Nash's Canadian-ness always made him an easy conduit for basketball fans North of the Border searching for a playoff team to hitch their wagon to. But for some reason, the implication that we only liked him because of that bugged me. I always felt deeply, and in hindsight, delusionally, that we would have loved him regardless.
Because with Nash, we shared not only Canada as a home but as an ideal; the selfless, tough-as-nails, indefatigably nice, global activist construct of Canada. His game, to me, always felt like a love letter to a mythic Canada – one that was too perfect to possibly exist, and too perfect not to indulge in. I never felt like I had to cheer for Nash because he's Canadian. It was just natural.
Consider the series we were taking in that night: Los Angeles Lakers vs. Phoenix Suns, 2010 Western Conference Finals.
The Suns were a team that held to the idea that a well-oiled offense would churn better if it shared the wealth, that redistribution didn't only make for a happier experience but a more efficient one. The Lakers were polar opposites, led by the unbridled heroism of Kobe Bryant, his lone-wolf apparatus at full strength. It was Canada's welfare state to America's, you know, whatever you guys are calling it – freedom state? – these days. It was, in my mind at the time, a clash of Good vs. Evil.
And yet, at this point in their careers, Kobe and Nash were connected – by peculiarity, sure, but connected nonetheless.
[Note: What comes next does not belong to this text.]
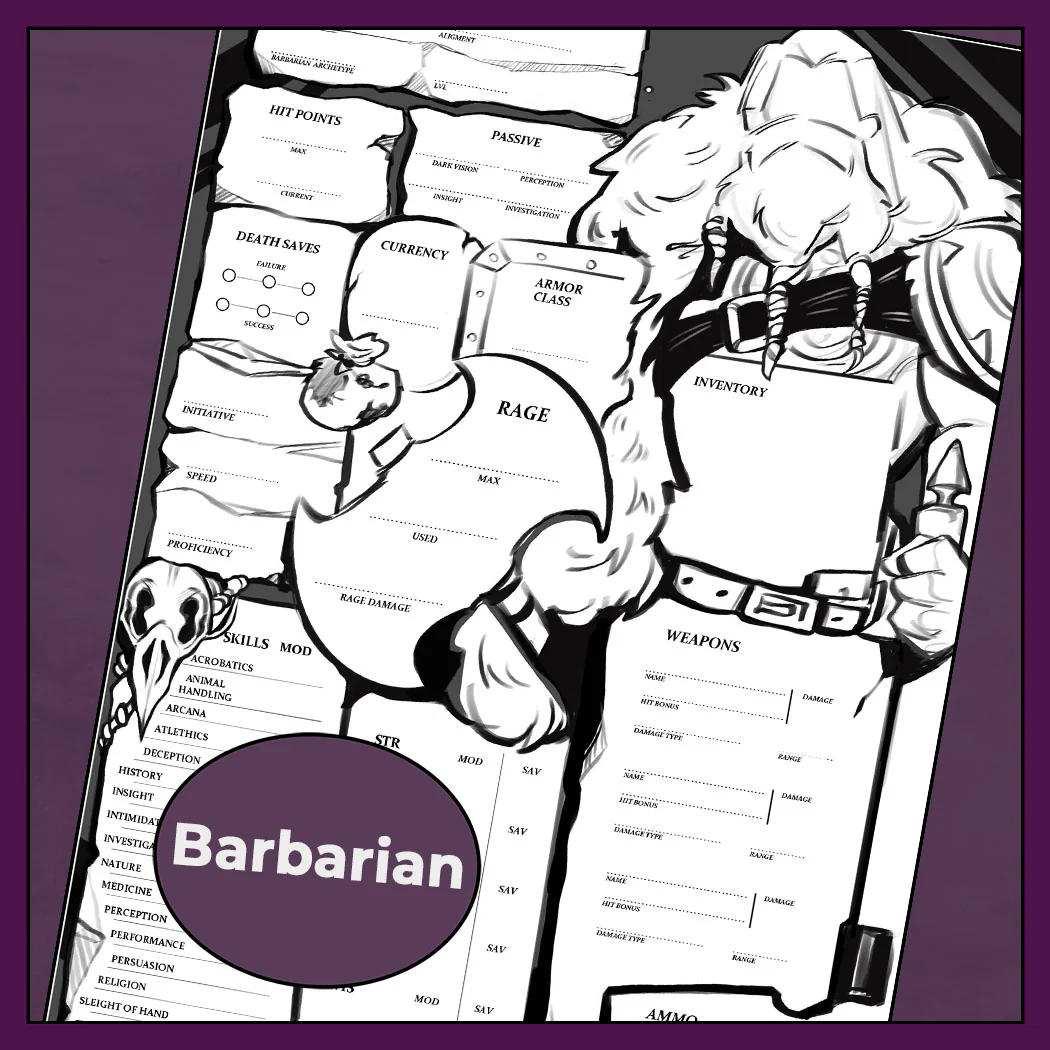 Noir | D&D 5e Character Sheet Bundle - All Classes - Image 3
They were tropes of the single-minded, crazed athlete constantly sucked back into the gym; alpha dogs haunted by grand visions. They were both markedly (and marketed as) old. In the media, it was inescapable. On the floor, they played with an almost poetic kind of laborious fluidity. So for a few weeks in late-May, creaky limbs became the heart of the masculine spirit.
All of this, for me, had only conspired to heighten the stakes in a purely symbolic battlefield: A Canada that once was at least on nodding terms with its Nash-esque ideals had, by 2010, been pretty much engulfed by neo-liberalism. For the rest of the NBA, the Nash-era Suns were the catalyst to a fundamental shift in basketball. For Canada, they were the last clarion call for what the country used to see itself as. What some, even now, wishfully think it is.
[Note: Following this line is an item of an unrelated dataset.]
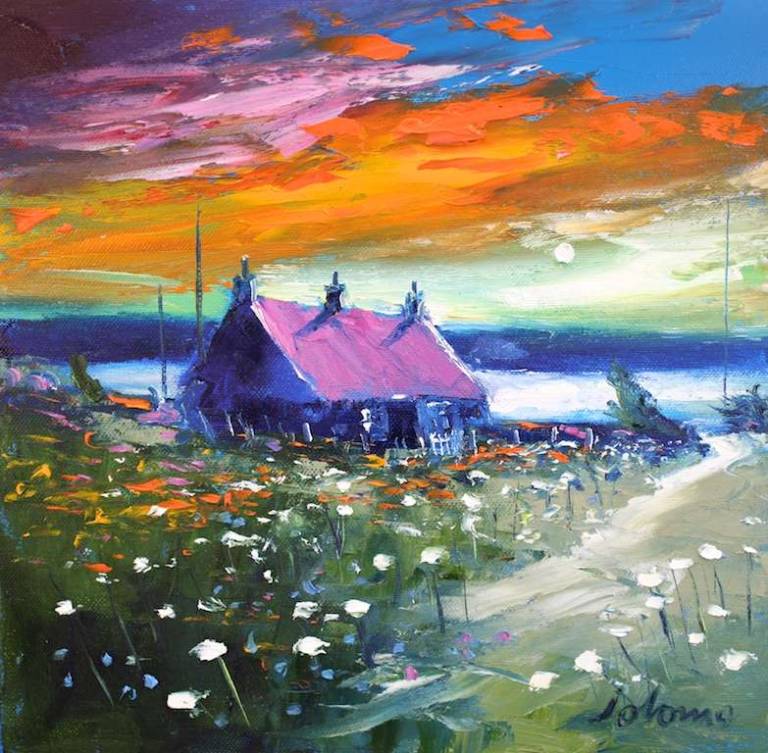 A Soft Dawnlight over Kintyre 12x12 - John Lowrie Morrison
And then, the shot. The air ball. The rebound. Ron Artest, for the win. Before you could even process it, it was over.
I was jarred. Kobe air-balled his way closer to the Finals and Nash was one game away from dying on the altar of unselfishness. When the Suns lost Game 6 against a barrage of Kobe fadeaways, I had a feeling you could only describe as moral outrage. How could this happen?
In the angsty years that followed, I naturally came to understand Nash's career as a parable for the futility of life. But given the context, where the Seven-Seconds-or-Less Offense rules the NBA, where Nash's legacy, as Lee Jenkins put it beautifully, lives in every modern point guard tinged with the flair of Original Nash, I tend to think differently. So does the rest of his fanbase, people who bring up his lack of rings and the merits of his back-to-back MVP's just to say they don't matter – that they're ancillary to what Nash represents.
Only someone unfailingly true to himself could evoke that kind of diehard-ism. Nash passed and passed and passed, to a fault, even when he was the best shooter on the floor. He could fit into any situation like a key cog, a snug racecar driver in a seat he designed. Or he could go anti-war in Texas, pro-immigration in Arizona. Whatever he felt like. That's why watching Nash meant effortlessly buying into something beautiful, something pure, something unique. He managed to pull off toughness, efficiency and fun at the same time. He is, to this day, the easiest hero to cheer for.
His game was predicated on the notion that a defense could never be perfect 100 percent of the time, so he would probe, he would circle back, he would eventually discover the crevasse no one else bothered to look for, and he would attack with precision. Twenty-three seconds would pass on the shot clock, and he still wouldn't lose himself.